Easter Festival
Herbert von Karajan would have been 100 on April 5, and at least in the German-speaking wo rld, in those places he was prominent, he is again ubiquitous. His legacy as a conductor, preserved in a myriad self-adoring videos, has not established him as one of the defining maestros of the previous century, however sumptuous he helped orchestras sound and however sovereign he was in some repertory, Bruckner uber alles.
But at least his institutional legacy is tangible: the Berlin Philharmonie, home of his Berliner Philharmoniker, and the almost-but-not-quite-as-wonderful-sounding large Festspielhaus here in Salzburg, which he built to house his Berlin orchestra in his productions of Wagner's operas, especially the "Ring," are impressive monuments, rather like what Carnegie Hall is to Isaac Stern.

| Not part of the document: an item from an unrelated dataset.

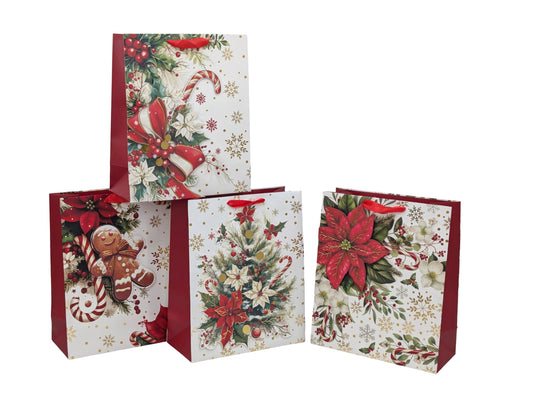 Bulk 48 3d Foiled Traditional Xmas Bag Med 23x18x10cm 4 Asst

The "Ring" is back in Salzburg, where we are currently in the midst of the first cycle of opera and concert performances. I was paid to come over here and give a music-appreciation talk, which I duly did. That would have invalidated me from commenting on the festival were I still at the NY Times, but I'm not so here goes:
The Easter Festival "Ring" is a co-production with Aix-en-Provence, though curiously nobody at either festival managed to schedule all four operas in one year: when "Gotterdammerung" is seen in the summer of 2009 in Aix and the spring of 2010 in Salzburg, that will be it. (Sets and costumes, the least interesting aspect of the production, have reportedly been sold to the Chinese, but with no commitment from any of the musicians.)

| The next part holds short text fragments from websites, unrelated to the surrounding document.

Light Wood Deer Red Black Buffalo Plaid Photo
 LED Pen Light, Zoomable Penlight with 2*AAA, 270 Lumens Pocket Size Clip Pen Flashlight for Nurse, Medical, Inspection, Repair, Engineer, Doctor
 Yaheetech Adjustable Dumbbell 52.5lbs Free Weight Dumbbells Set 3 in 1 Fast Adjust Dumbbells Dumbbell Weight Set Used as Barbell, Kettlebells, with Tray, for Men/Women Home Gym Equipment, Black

Aix's involvement presumably accounts for the choice of Stephane Braunschweig as the director and set designer of this "Ring," and he is -- to judge from the current "Walkure" -- its weakest element. His production is not so much outrageous (would that it were so, in comparison with this) as dull and plain. In fact, the actual direction of the characters isn't bad, though the sex seems a little puimped up: Siegmund and Sieglinde crave each other from the outset -- so much for the building tension detailed in the stage directions -- and Brunnhilde smooches Siegmund full on the lips, no doubt warming herself up for his son. Oh, well, Braunschweig's choices could be defended and he is, after all, French.
Musically, this was a seriously impressive perforrmance. Curiously, not one of the six principals was a native German speaker, yet all are steeped in the language and the style. The weakest was the Siegmund of Robert Gambill, whose wildlly emitted high notes undercut the rapture at the end of the first act. Still, he looked hunky, which the opera blogs tell us is Tony Tommasini's favorite word, and his baritonal voice suited the Todesverkundigung just fine. Mikhail Petrenko, though costumed like a Puritan or an undertaker or both, sang sonorously as Hunding, and Lilli Paasikivi made Fricka's nagging more tolerable than usual.

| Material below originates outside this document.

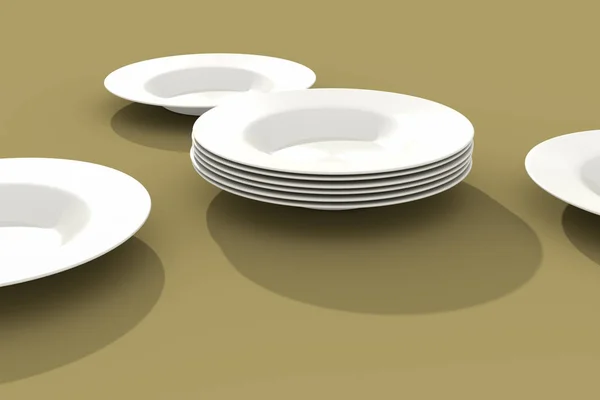 Empty white plates with shadows — Stock Photo, Image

Eva Johansson is given to sometimes cartoonish facial expressions, but she looked good, sounded good and phrased with real pathos. Eva-Maria Westbroek, who should be singing Brunnhilde herself any minute now, is a radiant artist with a clarion top, and she mustered the first-act rapture that Gambill lacked.
But most impressive of all the singers was Willard White (or Sir Willard, as we are now to call him). Nothing that this fine, now 61-year-old bass-baritone had done prepared me for his Wotan. He may not have the richest voice in memory. But he encompasses the range perfectly, and he declamed the narratives with a nobility and involvement I hadn't heard since Thomas Stweart -- and White has a bigger voice.
As for Karajan's successor and the mighty Berliners --- I was told only two musicians remain from the Easter Festival's first year in1967 - Simon Rattle (Sir Simon) conducted with sure command in just the kind of core Germanic repertory for which he was been persistently criticized. And the orchestra played just gloriously, as sure a testament to Karajan's legacy as he might have dreamed of.